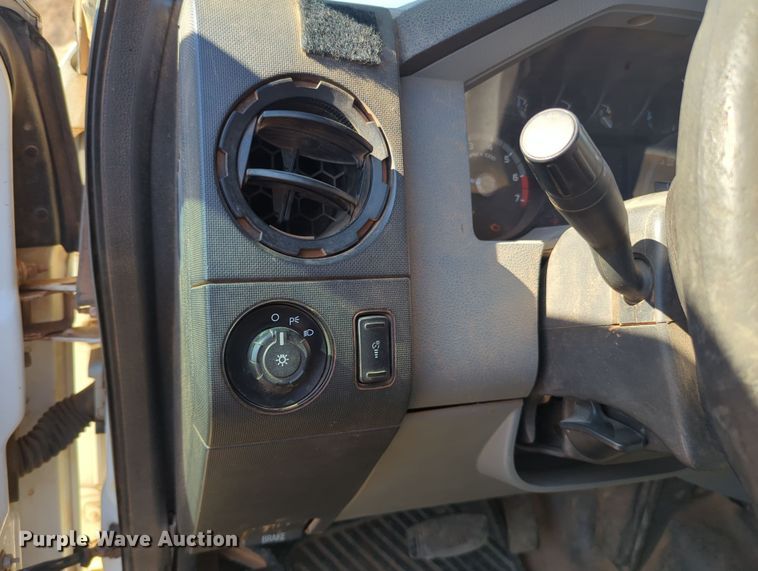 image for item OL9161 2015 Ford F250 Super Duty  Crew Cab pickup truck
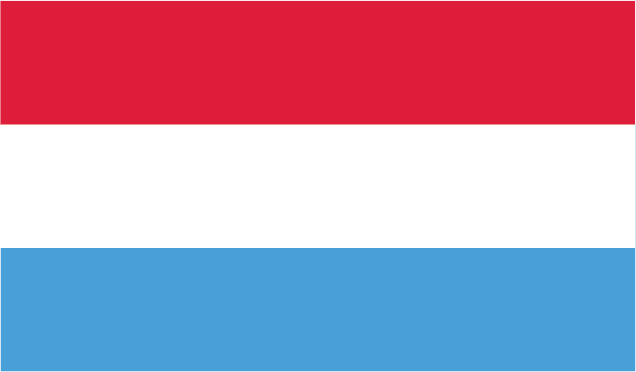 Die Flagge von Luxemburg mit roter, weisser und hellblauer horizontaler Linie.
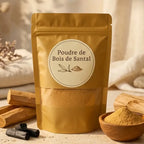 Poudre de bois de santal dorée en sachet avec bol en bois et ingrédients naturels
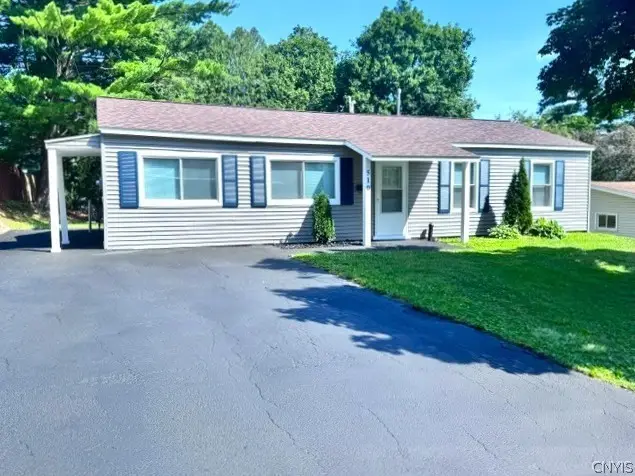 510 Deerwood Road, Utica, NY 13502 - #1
--
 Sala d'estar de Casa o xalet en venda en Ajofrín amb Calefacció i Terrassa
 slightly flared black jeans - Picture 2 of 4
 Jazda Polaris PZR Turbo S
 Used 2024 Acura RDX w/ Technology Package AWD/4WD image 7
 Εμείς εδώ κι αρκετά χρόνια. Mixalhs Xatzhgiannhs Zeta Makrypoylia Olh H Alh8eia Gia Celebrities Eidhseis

**What to work on:**
Above are the records; copy exactly the lines from the one with "image for item" through the one with "510 Deerwood Road, Utica, NY 13502 - #1", including both, and nothing more. Leave out pictures.

**Task solution:**
 image for item OL9161 2015 Ford F250 Super Duty  Crew Cab pickup truck
 Die Flagge von Luxemburg mit roter, weisser und hellblauer horizontaler Linie.
 Poudre de bois de santal dorée en sachet avec bol en bois et ingrédients naturels
 510 Deerwood Road, Utica, NY 13502 - #1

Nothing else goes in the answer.